I've just tried this recipe from instructables and it's amazing.

Ingredients:
1 cup (280g) Nutella
2 eggs
10 tbsp (62g) flour

Directions:
Put it in a bowl. Mash it up. Pour into a pan or muffin tin. Top with hazelnuts if you're feeling extra fancy. Bake at 350F (180C) for around 30 minutes (less time for cupcake form, more time if the centers aren't baked through).
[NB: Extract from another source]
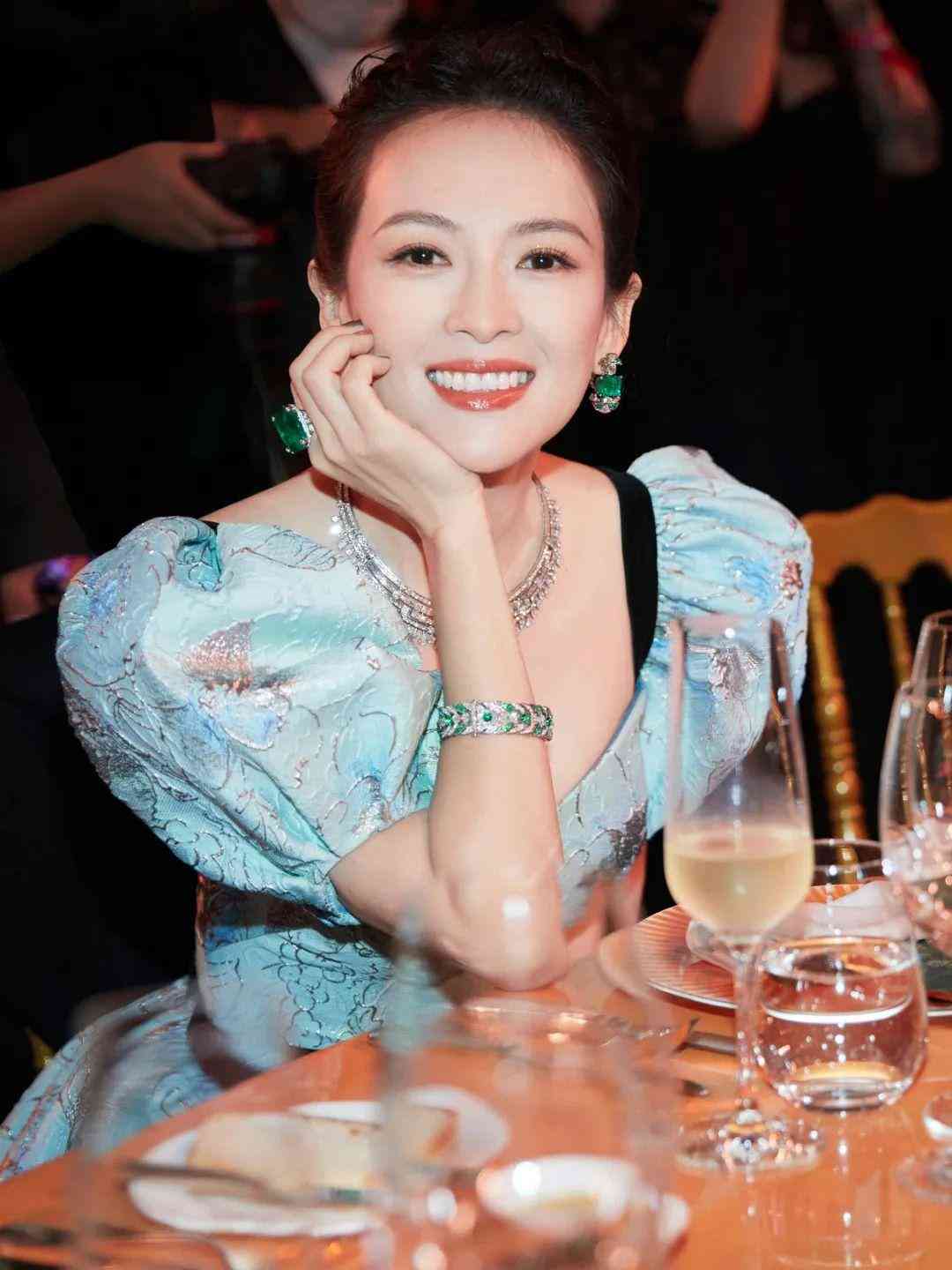 寶格麗戒指什么材質(zhì)(寶格麗戒指貴不貴)插圖20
http://www.instructables.com/id/Nutella-Brownies-Three-Ingredients/

As rafk said.

probably the greatest reward/effort baking experience ever...

ubGvyhK.jpg


Super easy, super quick and super tasty.
 
I like nutella but I'm not really a fan of nutella flavored things. Sometimes an ice cream shop might offer a nutella ice cream, but it's not nearly as satisfying as a rich double dutch chocolate ice cream.
 
Fun tip: if you need a certain amount of a non-water soluble ingredient (shortening, peanut butter, I imagine Nutella is the same), add it to a measuring cup filled with water. If you need 1/2 a cup, a 1/2 cup of water will displace to the 1 cup mark.

I've made these brownies before. Quite good.
 
Fun tip: if you need a certain amount of a non-water soluble ingredient (shortening, peanut butter, I imagine Nutella is the same), add it to a measuring cup filled with water. If you need 1/2 a cup, a 1/2 cup of water will displace to the 1 cup mark.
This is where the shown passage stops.